For the last three years, Juniper has said it was working on Project Stratus, a new data center fabric for cloud computing designed to reduce network layers and complexity. Today, Juniper took the wraps off Stratus, which will be productized as "QFabric." The QFabric effort involved $100 million of investment and resulted in over 125 filed patents.
Juniper CEO Kevin Johnson explained during a QFabric launch event that in traditional network architectures, each layer of a network requires some processing before a packet is transported.
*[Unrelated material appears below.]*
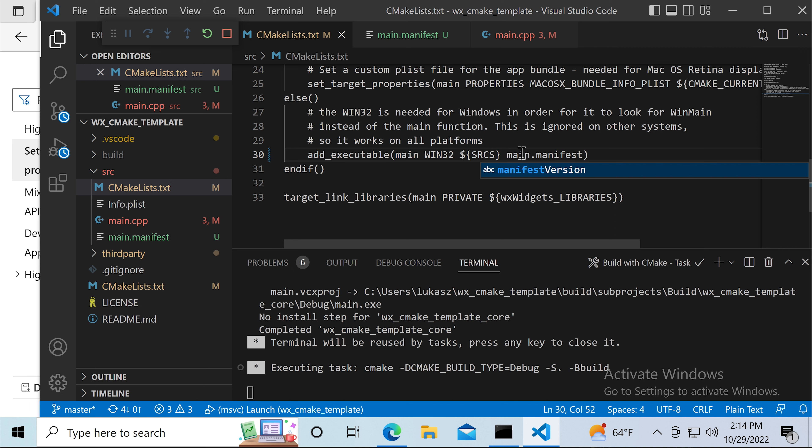First, we need to create a correct manifest file. We can find the correct content on the Microsoft Learn website. Just copy the XML into a manifest file in your project directory and that's it for the first step.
The QFabric approach is different.
"We process once and we transport to any," Johnson said. "By doing that what we're able to provide are significant benefits in the areas of scalability, speed and performance."
Pradeep Sindhu, founder and CTO of Juniper noted that QFabric involves silicon, systems and software in order to collapse network layers. From a network topology perspective, Sindhu noted that QFabric enables a network to look like a single flat switch that can then be more easily managed and provisioned.
"QFabric looks like a single large flat logical switch and a single switch that has industry standard interfaces," Sindhu said. "What the single large switch enables is full resource pooling as well as partitioning of resources for organizational purposes.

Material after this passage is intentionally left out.